* **EXERCISE AIM**: Would you retype the listing below exactly as given?

* **INPUT FOR THIS TASK**:

§

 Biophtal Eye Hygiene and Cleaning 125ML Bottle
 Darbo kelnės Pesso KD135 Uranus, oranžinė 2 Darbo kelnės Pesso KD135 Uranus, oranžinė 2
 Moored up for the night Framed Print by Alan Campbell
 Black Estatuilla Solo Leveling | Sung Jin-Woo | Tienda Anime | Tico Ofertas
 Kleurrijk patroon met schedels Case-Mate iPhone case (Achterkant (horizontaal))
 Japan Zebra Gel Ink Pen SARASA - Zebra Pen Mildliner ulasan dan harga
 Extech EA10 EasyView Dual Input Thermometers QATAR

§

* **WRITTEN SOLUTION**:
 Biophtal Eye Hygiene and Cleaning 125ML Bottle
 Darbo kelnės Pesso KD135 Uranus, oranžinė 2 Darbo kelnės Pesso KD135 Uranus, oranžinė 2
 Moored up for the night Framed Print by Alan Campbell
 Black Estatuilla Solo Leveling | Sung Jin-Woo | Tienda Anime | Tico Ofertas
 Kleurrijk patroon met schedels Case-Mate iPhone case (Achterkant (horizontaal))
 Japan Zebra Gel Ink Pen SARASA - Zebra Pen Mildliner ulasan dan harga
 Extech EA10 EasyView Dual Input Thermometers QATAR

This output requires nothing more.